──────── Data provided

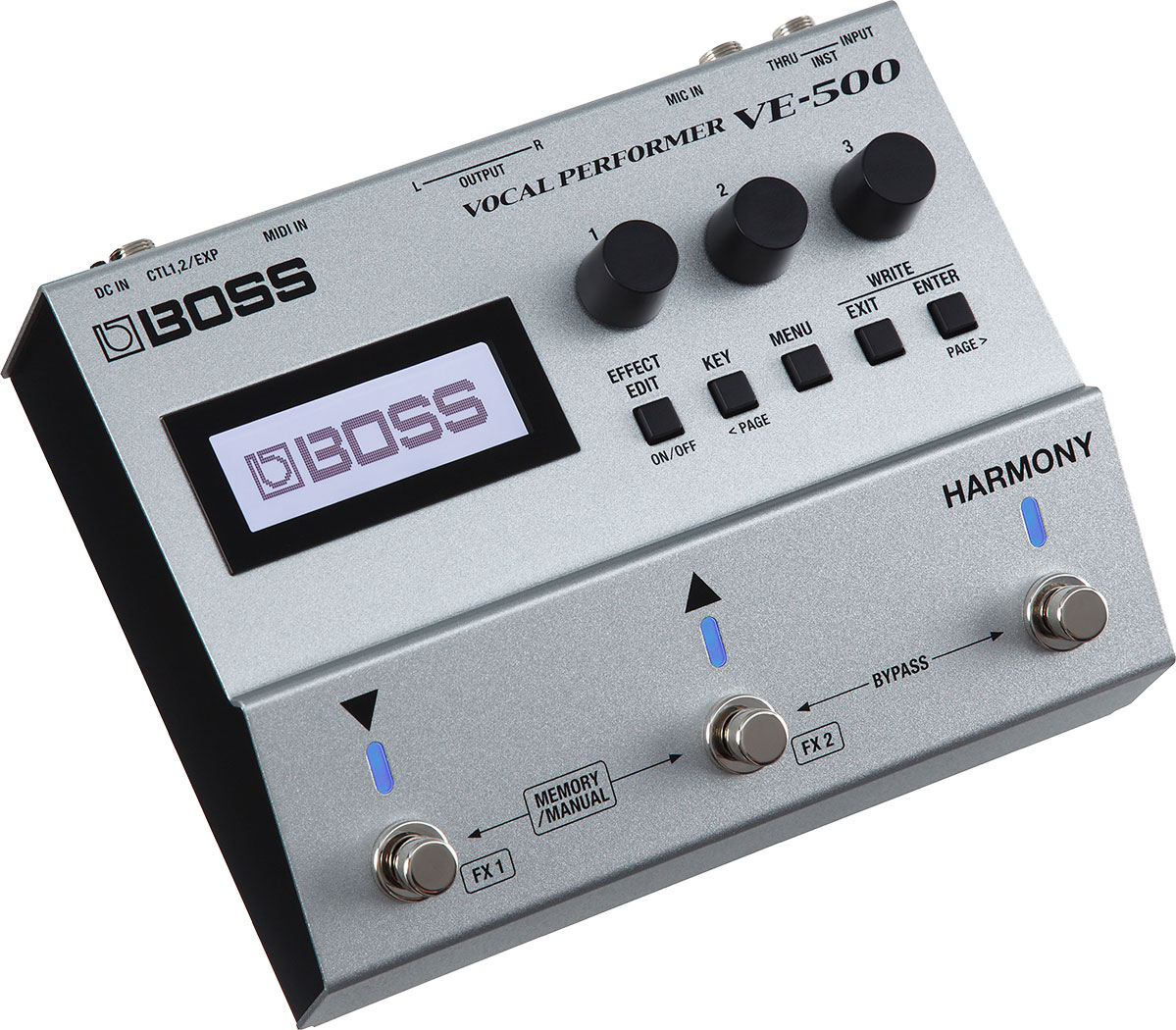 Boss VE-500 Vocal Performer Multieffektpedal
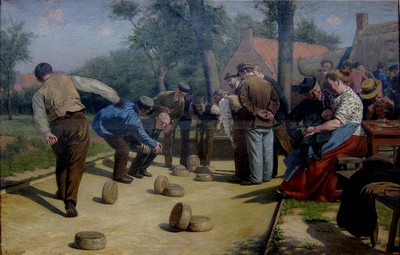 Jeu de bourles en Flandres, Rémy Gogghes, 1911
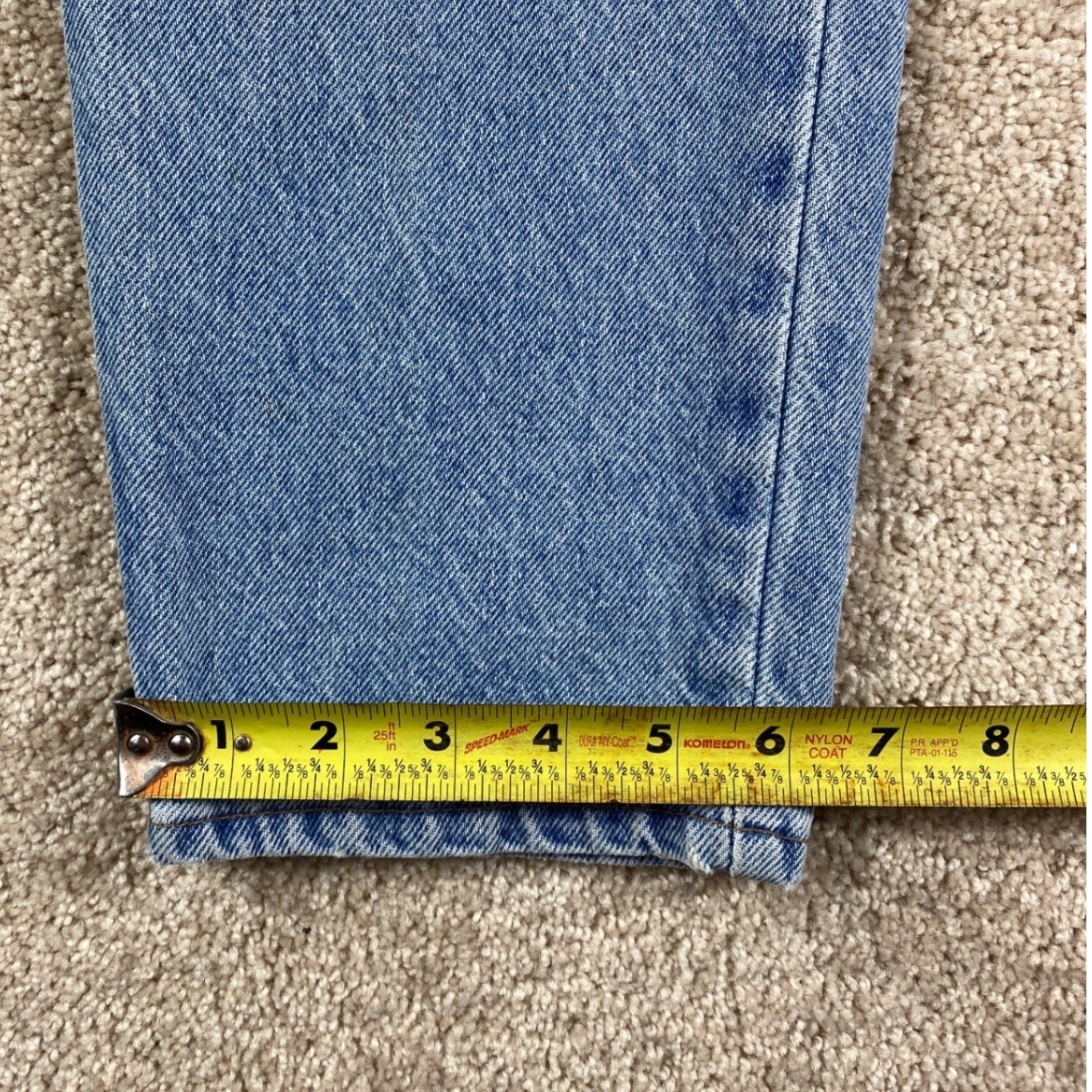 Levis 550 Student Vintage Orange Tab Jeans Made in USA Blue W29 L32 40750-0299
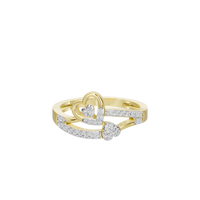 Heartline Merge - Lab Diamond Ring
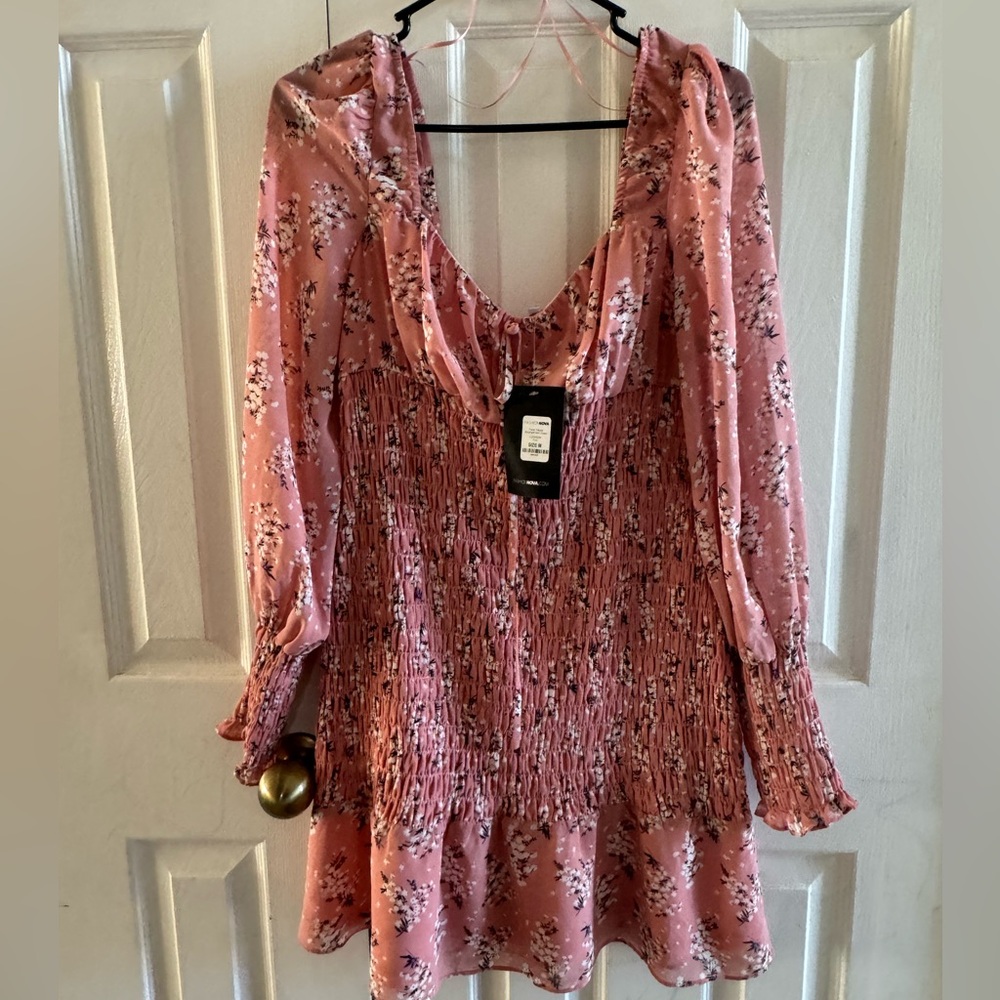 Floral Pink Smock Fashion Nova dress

────────────────

--- Action item ---
Your copy should hold exactly the lines from the one that contains "Levis 550 Student" through the final line of the data, both ends included, and no pictures.

--- Expected answer ---
 Levis 550 Student Vintage Orange Tab Jeans Made in USA Blue W29 L32 40750-0299
 Heartline Merge - Lab Diamond Ring
 Floral Pink Smock Fashion Nova dress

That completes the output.